Man konnte es ahnen, wenn man die Phönix-Übertragung verfolgte. Es war ausgezählt, man wartete, dass die Abgeordneten wieder ihre Plätze im Plenum einnahmen. Bundestagspräsidentin Klöckners Gesicht wirkte fast versteinert, Lars Klingbeils Mimik drückte etwas Ratlosigkeit aus, auch die anderer Abgeordneter, die offensichtlich Bescheid wussten, machten deutlich, dass etwas Schlimmes passiert sein musste. Niemand lachte, keinerlei Fröhlichkeit oder Gelassenheit zumindest nicht in den Reihen der Demokraten. Dann das Verlesen der Ergebnisse durch Frau Klöckner, 310 Stimmen für Merz, zu wenig für einen Kanzler.

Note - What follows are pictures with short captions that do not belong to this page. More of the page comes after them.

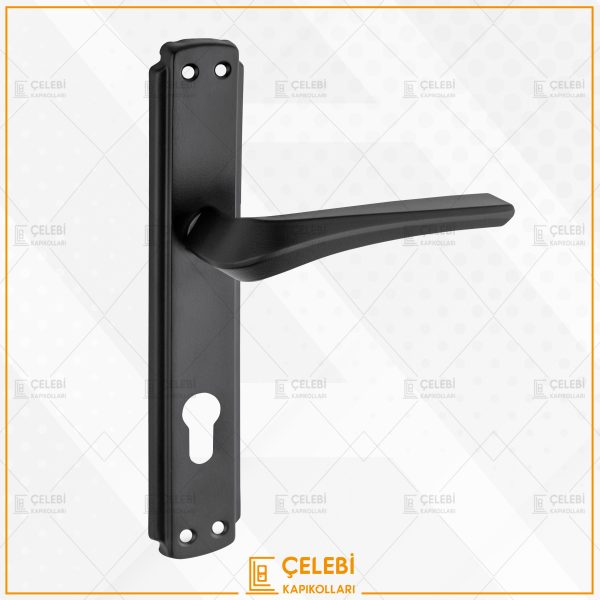 VENÜS KOL BRAVO AYNA MAT SİYAH YALE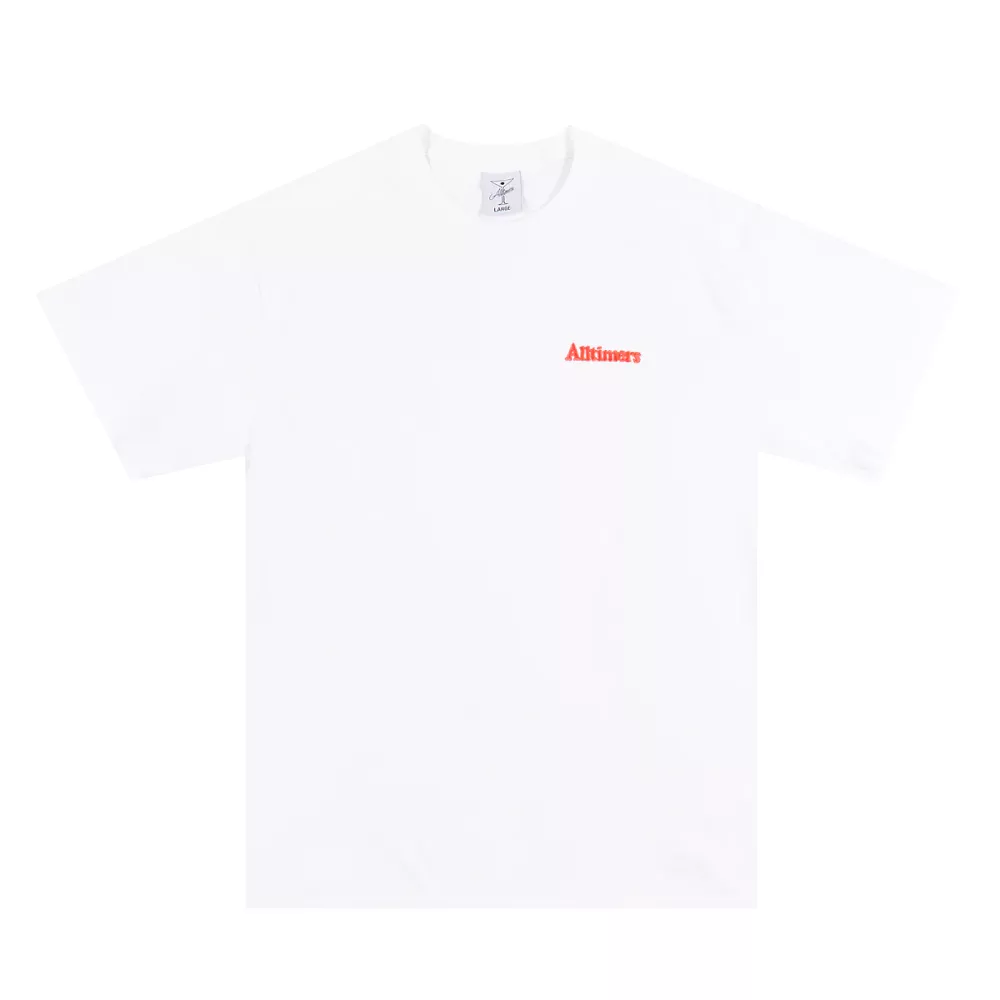 Alltimers Broadway Embroidered T-Shirt White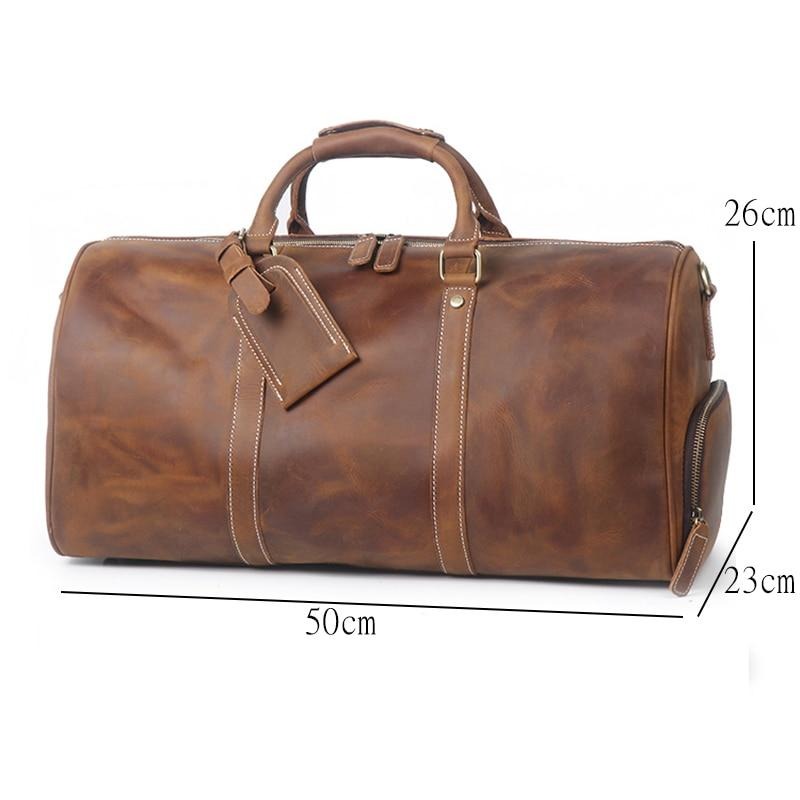 Genuine Leather Overnight Bag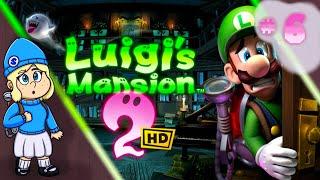 Live Steam Let's Play!  Luigi's Mansion 2 (Dark Moon) Part 6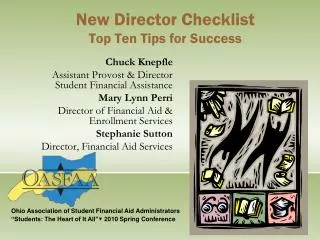 New Director Checklist Top Ten Tips for Success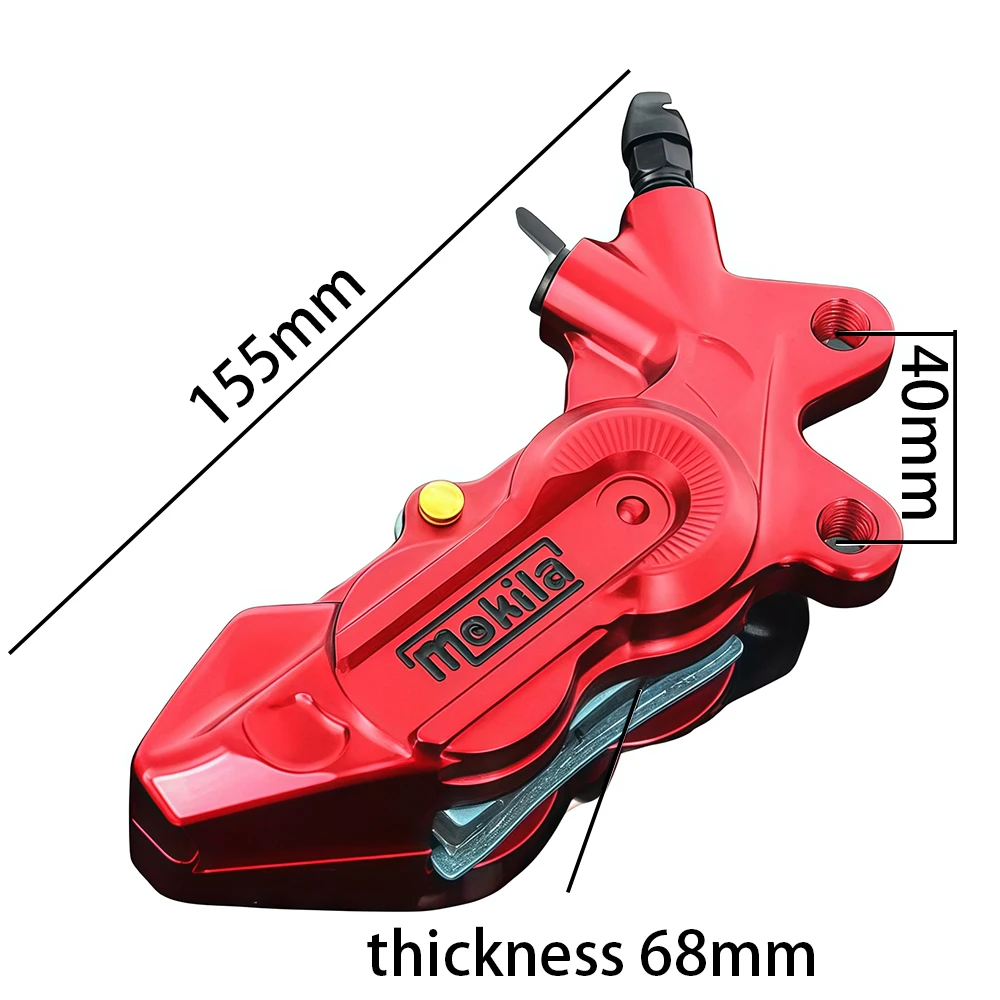 4 Piston Radial Mounting Brake Caliper Abalone Disc Brake Disc CNC Aluminum Alloy Accessories Modification Universal - Image 2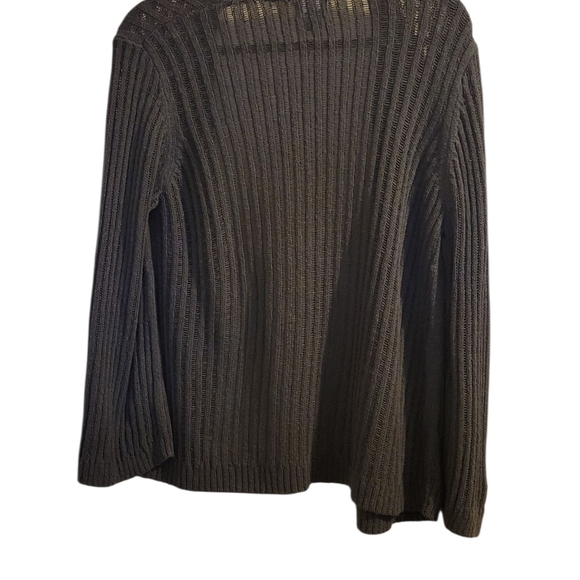 Women's Gray Open-Front Sweater - Picture 3 of 5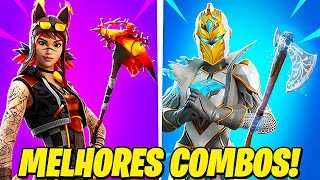 COMBOS COM TODAS AS SKINS DO PASSE DA TEMPORADA 5 DO FORTNITE [upl. by Aciamaj558]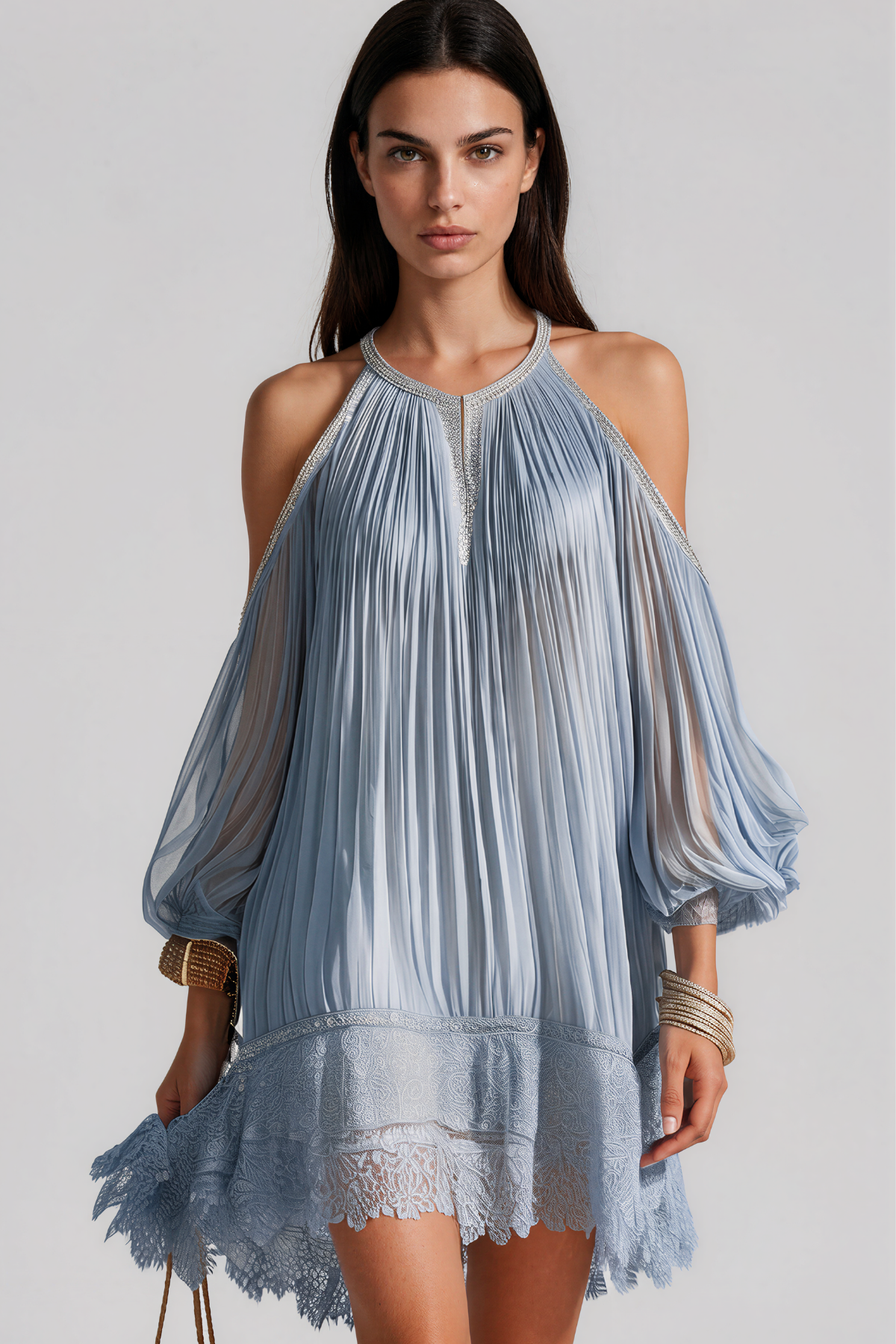 Kalenna Ruch Lace Mini Dress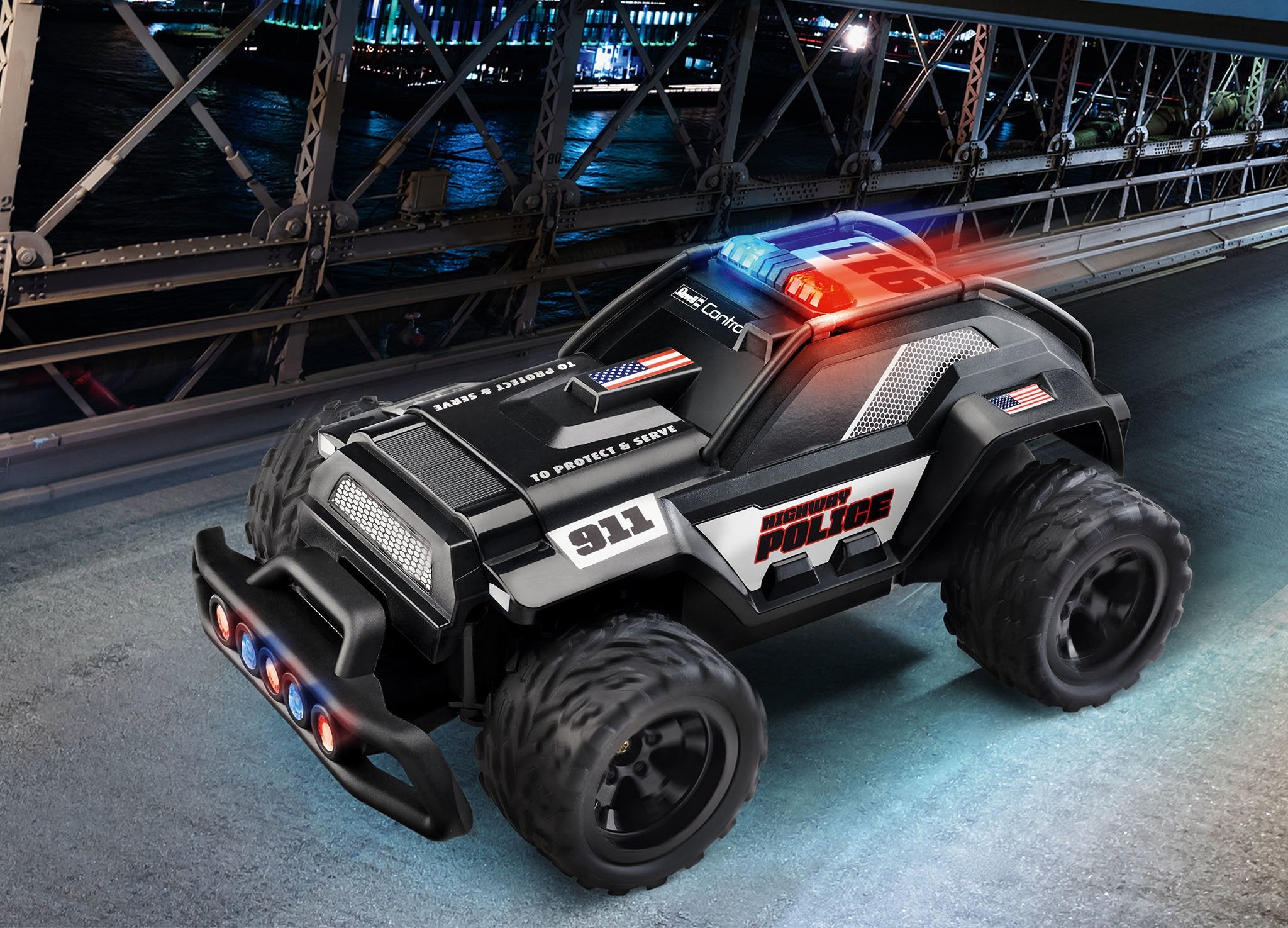 EAN 4009803244556 - Revell Highway Police modelo controlado por radio Coche Motor eléctrico imagen 6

Eine Bombe, wie es später hieß, wenn die Kriegssprache erlaubt ist. Und das in der doch so stabilen Demokratie Bundesrepublik. Wir sind doch nicht in Amerika.
Kanzler-Wahlen sind auch immer Hochämter der Demokratie. Sie verlangen Symbole, einen feierlichen Rahmen. Mit Eid, Empfang und Urkunden durch den Bundespräsidenten. Gratulationen. Und dann sollte ja auch noch am Abend die erste Kabinettsitzung stattfinden. Merz und Klingbeil wollten sofort loslegen, es sollten Stellen gestrichen werden, die man für überflüssig hielt-Stichwort Bürokratieabbau-, der neue Bundesinnenminister Dobrindt wollte schon einen Tag später die Kontrollen an den Grenzen verstärken mit einigen Tausend zusätzlichen Polizisten, mit Zurückweisungen. Machen statt Reden, Hoffnung auf gutes Regieren statt Zaudern verkündete die Bild-Zeitung. Der neue Kanzler wollte nach Paris fliegen, dann nach Warschau, Signale an Europa, dass Deutschland wieder dabei ist, in der Kanzler-Maschine sollte wohl der neue Außenminister sein, Johannes Wadepuhl.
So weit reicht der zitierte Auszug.